Available data: Begin

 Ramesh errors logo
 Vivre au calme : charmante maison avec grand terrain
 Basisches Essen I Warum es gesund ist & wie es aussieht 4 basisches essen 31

Available data: End

Problem to work on: Return the data in full, with each line kept exactly as it is.

Final answer:
 Ramesh errors logo
 Vivre au calme : charmante maison avec grand terrain
 Basisches Essen I Warum es gesund ist & wie es aussieht 4 basisches essen 31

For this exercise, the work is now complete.